BEGIN

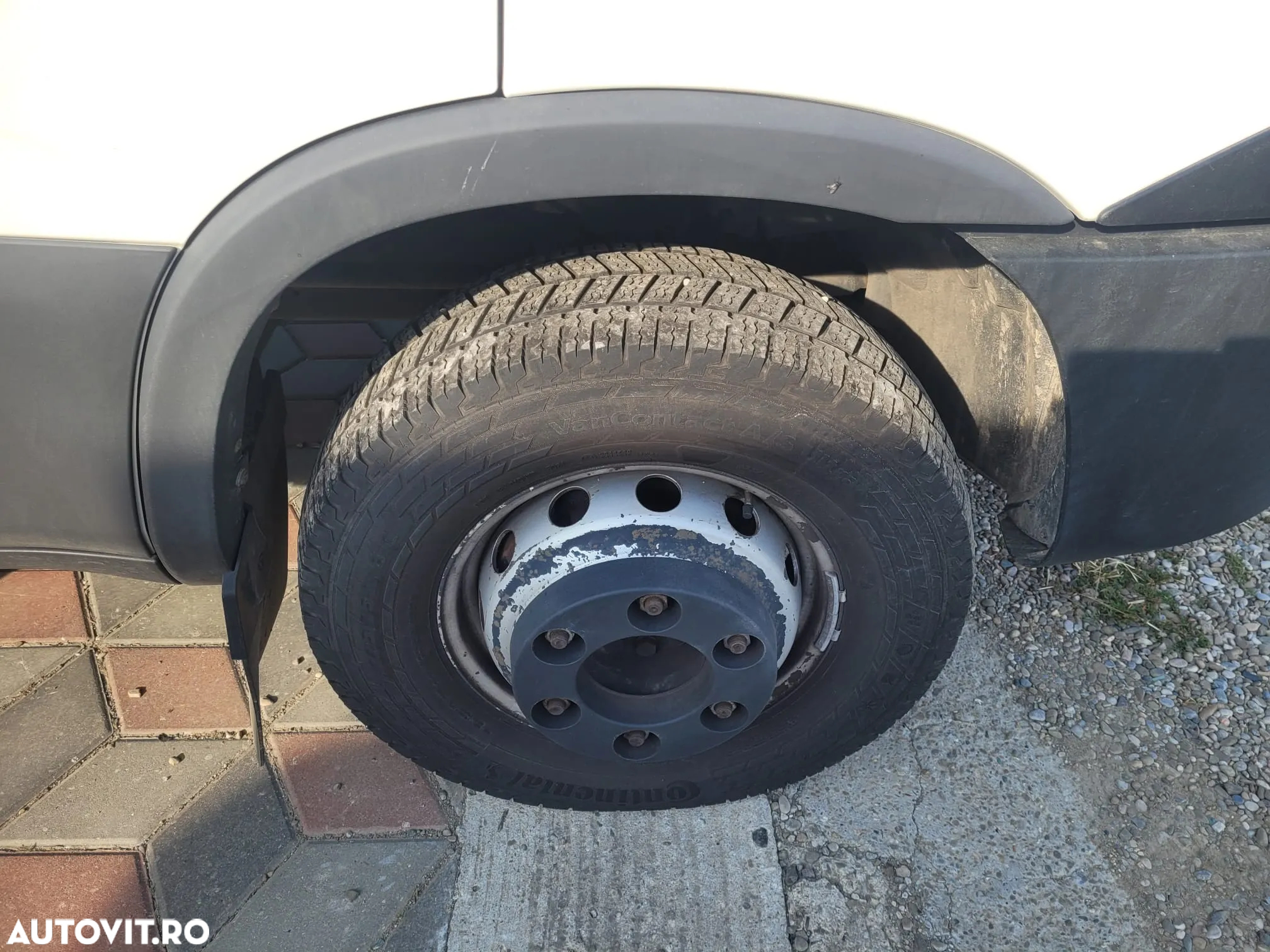 Iveco DAILY 72-180  cu box si lift , 7.2 to, import , posibilitate leasing - 17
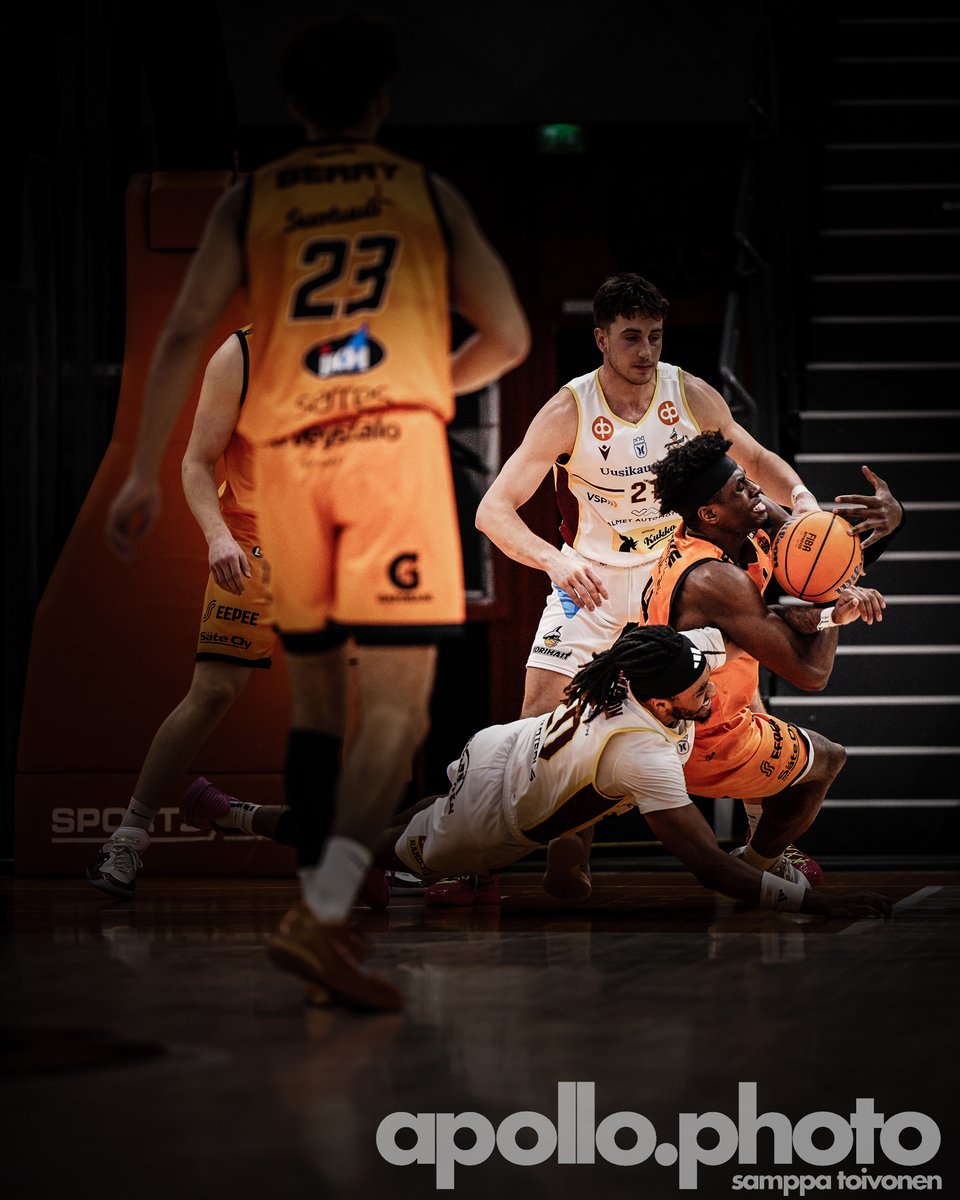 Apollo Photo tweet media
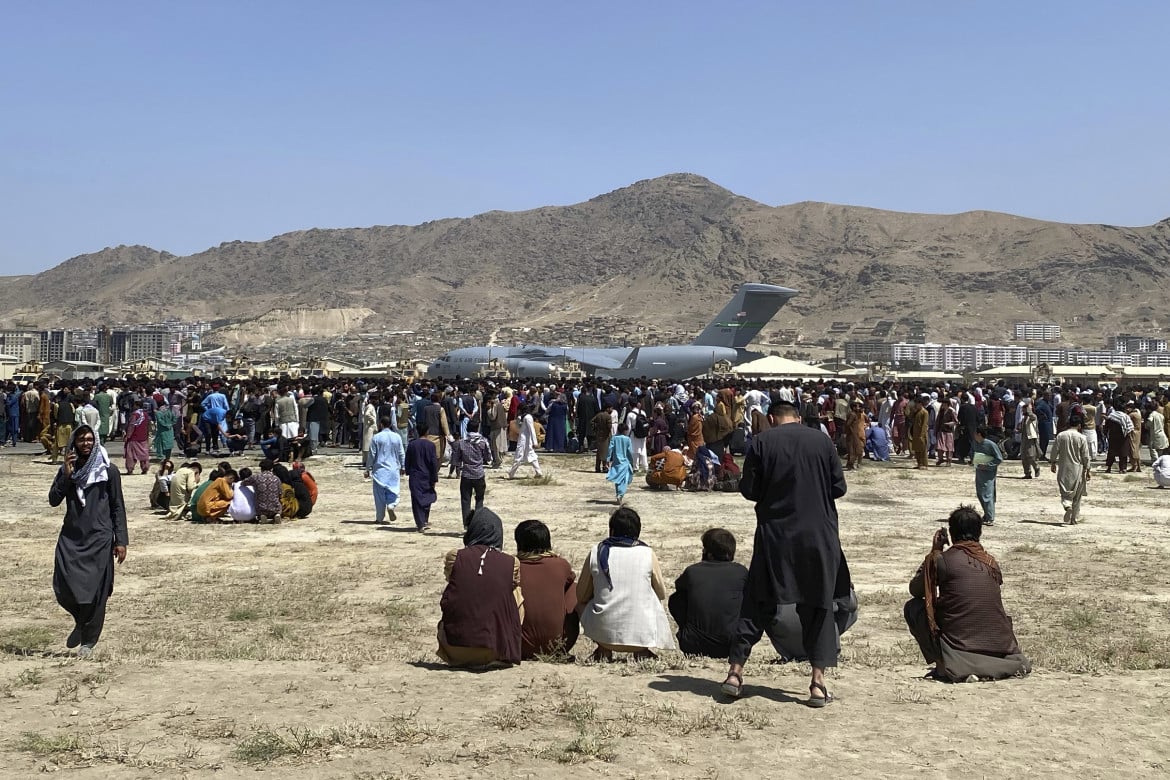 La Ue non mantiene la promessa: porte aperte solo all’0,1% degli afghani in fuga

END

YOUR TASK = Pictures are not part of the copy; transcribe the rest of the data verbatim.

EXERCISE ANSWER =
 Iveco DAILY 72-180  cu box si lift , 7.2 to, import , posibilitate leasing - 17
 Apollo Photo tweet media
 La Ue non mantiene la promessa: porte aperte solo all’0,1% degli afghani in fuga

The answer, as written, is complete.